Let’s talk about the portrayal of faith in the film. I really love that you have a central character who is so sincere and devoted. One of my favorite scenes in the movie is when Father Jud is on the phone with the character played by Bridget Everett. He has to decide between the urgency of what he needs and his calling to be of service.
That’s the running through-line of the movie, and how it relates to my own experience. I grew up not Catholic, but Protestant, very, very Christian and not just in a churchy family. I was very personally Christian through my childhood, teenage years, into my early 20s. I’m not a believer anymore, but it’s something that I still have deep roots in and have a lot of feelings about it.
In a way, the entire movie is my attempt to have sort of a multifaceted conversation about faith, about this thing that I’ve carried around in me since childhood, because it never really leaves you. That moment specifically with Bridget Everett, I mean, a running through line of it is, of the whole movie is the selflessness of having a servant’s heart and the notion of bringing Christ’s love to people being an act of opening your arms, as opposed to putting your dukes up and the war footing of us against them.

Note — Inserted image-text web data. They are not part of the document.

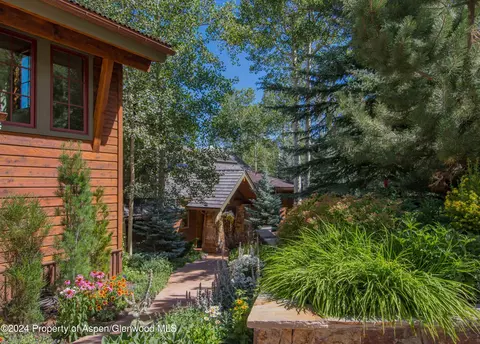 364 Ridge Road Snowmass Village Co 81615 Rd, Snowmass Village, CO 81615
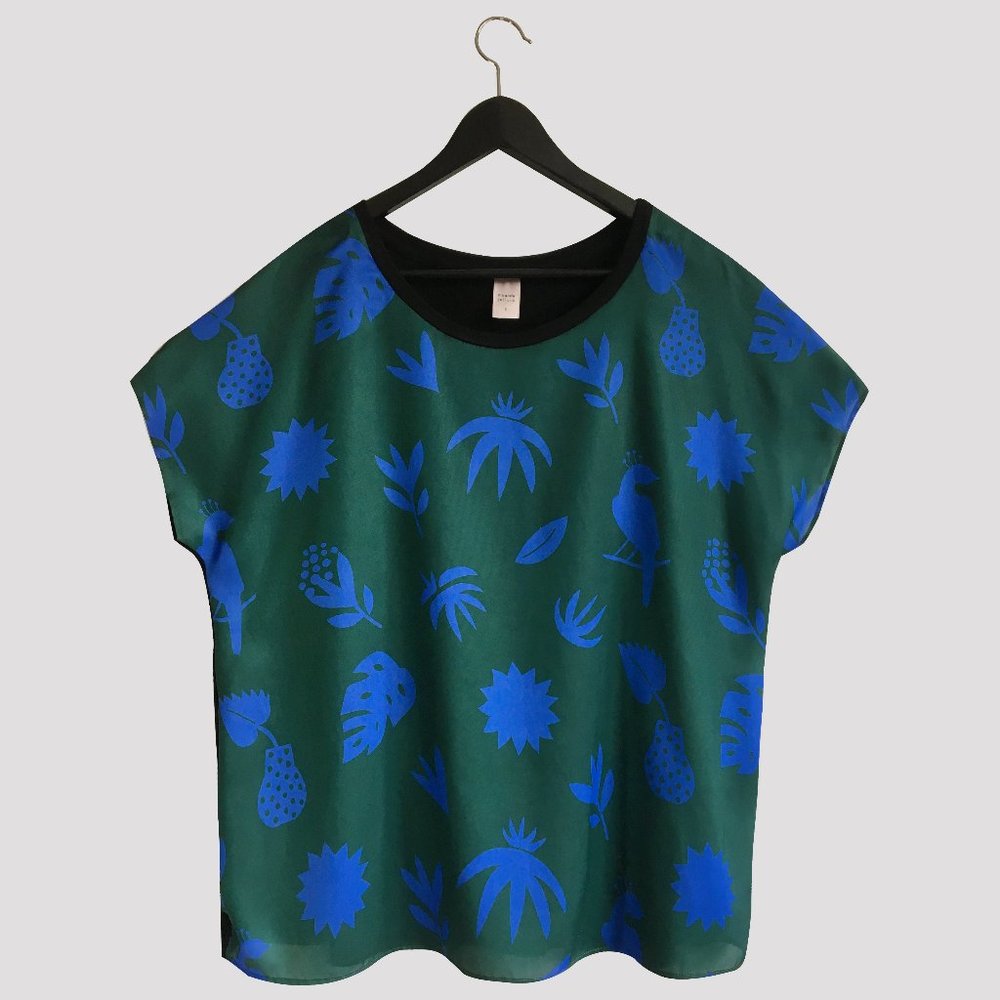 Top/Blouse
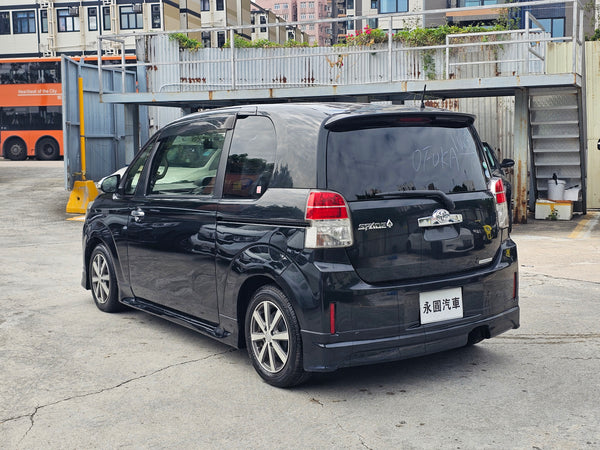 Toyota Spade 1.5 Modellista 2015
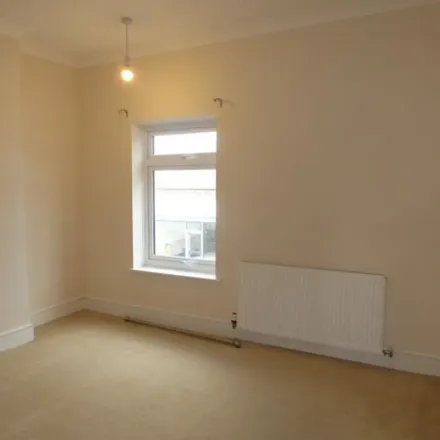 Rent this 3 bed duplex on 1 Douglas Road in Long Eaton, NG10 4BH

That’s something that runs through the whole thing. In the beginning, it’s framed as Jud versus Monsignor Wicks, and it’s obvious who’s in the right. To me, the more interesting part is when Blanc comes in and sort of takes over, because it’s the exact same conflict of selflessness and service versus an us-against-them mentality. But the us-against-them mentality is represented by Blanc and the murder mystery game, and the genre itself that we’re inside, and sort of the gamified version of “we’re going to find the guilty person, the bad person, and we’re going to bring them to justice, and we’re going to get you out of this.” And Jud gets swept up in that gamified version of it. He knew to push back against it in the form of Wicks. With Blanc, he’s seduced into it, both out of his own self-interest of getting himself off the hook, but also because we’re in the murder mystery, and it is gamified, and it’s fun.
So the Bridget Everett scene was my attempt to build up that momentum and have the audience get swept up into it, too, and then present Jud with a human need. It just is a full stop of, “Wait a minute. This is the antithesis of what I’m here to do. I’m here to actually be of service to this person who’s right in front of me, who’s in pain.” The idea of having it be a hard reset for him in that moment that tees up the rest of the movie, that felt really powerful to me.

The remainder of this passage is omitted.